- _Activity_
Each entry is to be retyped without alteration, and no picture is to be included.

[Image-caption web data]
--------------------------------------------------
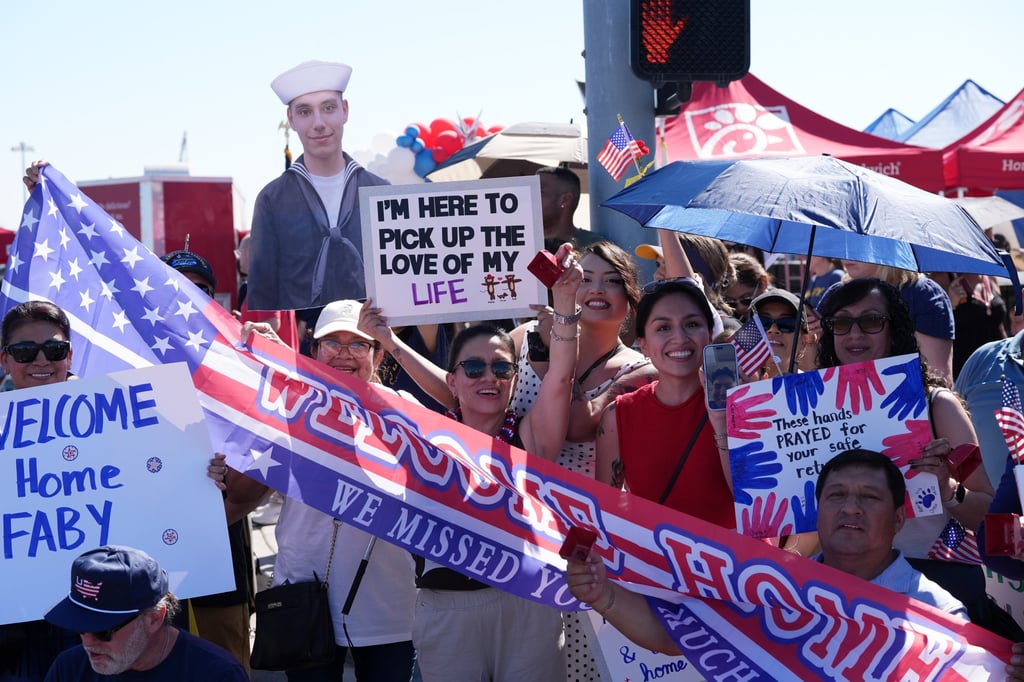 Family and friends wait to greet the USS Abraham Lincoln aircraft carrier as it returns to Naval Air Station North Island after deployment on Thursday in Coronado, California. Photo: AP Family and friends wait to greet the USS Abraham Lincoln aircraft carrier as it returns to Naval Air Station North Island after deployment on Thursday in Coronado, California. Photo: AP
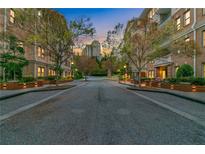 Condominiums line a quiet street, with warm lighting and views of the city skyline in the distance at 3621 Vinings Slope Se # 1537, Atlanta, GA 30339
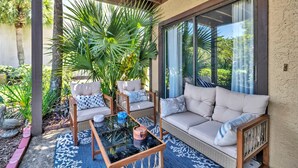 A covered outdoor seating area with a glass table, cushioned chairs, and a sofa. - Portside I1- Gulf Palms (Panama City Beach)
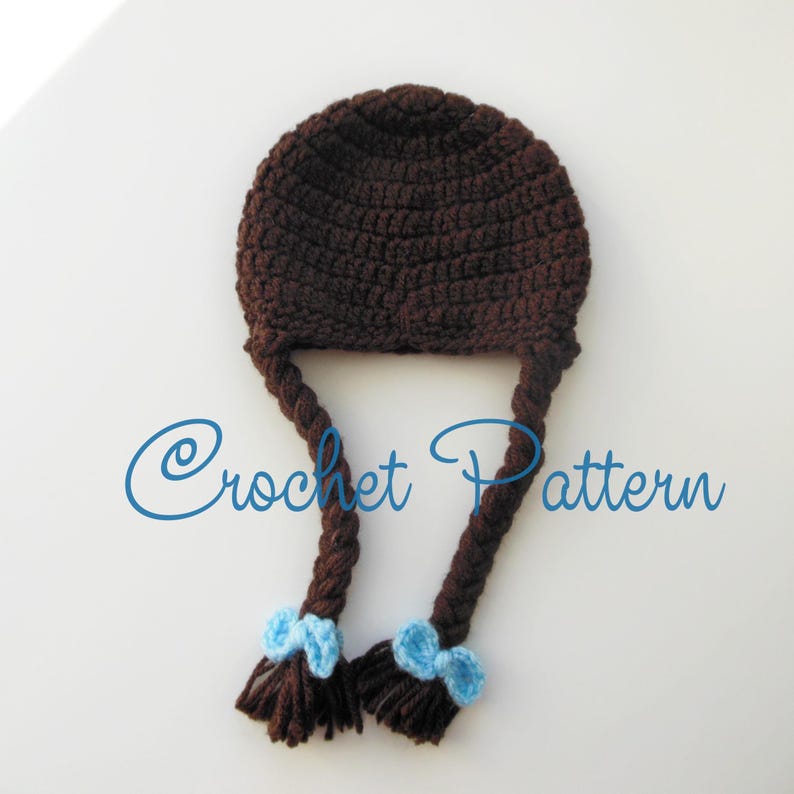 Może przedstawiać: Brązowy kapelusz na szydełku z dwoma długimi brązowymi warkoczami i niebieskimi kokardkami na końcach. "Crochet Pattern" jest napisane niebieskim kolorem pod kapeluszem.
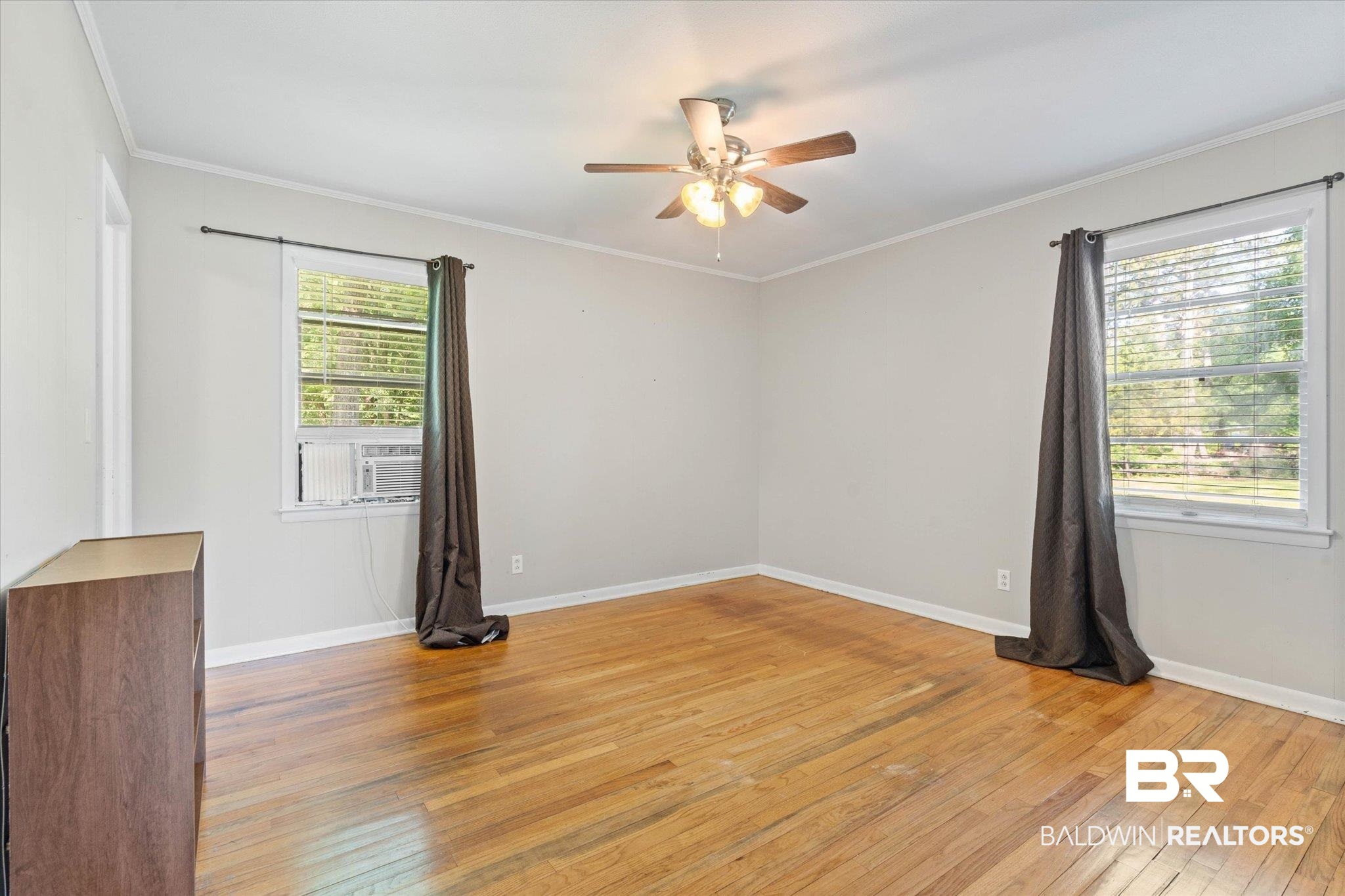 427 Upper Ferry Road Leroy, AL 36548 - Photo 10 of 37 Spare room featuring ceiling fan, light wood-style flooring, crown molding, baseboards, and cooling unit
--------------------------------------------------
- _Final answer_
 Family and friends wait to greet the USS Abraham Lincoln aircraft carrier as it returns to Naval Air Station North Island after deployment on Thursday in Coronado, California. Photo: AP Family and friends wait to greet the USS Abraham Lincoln aircraft carrier as it returns to Naval Air Station North Island after deployment on Thursday in Coronado, California. Photo: AP
 Condominiums line a quiet street, with warm lighting and views of the city skyline in the distance at 3621 Vinings Slope Se # 1537, Atlanta, GA 30339
 A covered outdoor seating area with a glass table, cushioned chairs, and a sofa. - Portside I1- Gulf Palms (Panama City Beach)
 Może przedstawiać: Brązowy kapelusz na szydełku z dwoma długimi brązowymi warkoczami i niebieskimi kokardkami na końcach. "Crochet Pattern" jest napisane niebieskim kolorem pod kapeluszem.
 427 Upper Ferry Road Leroy, AL 36548 - Photo 10 of 37 Spare room featuring ceiling fan, light wood-style flooring, crown molding, baseboards, and cooling unit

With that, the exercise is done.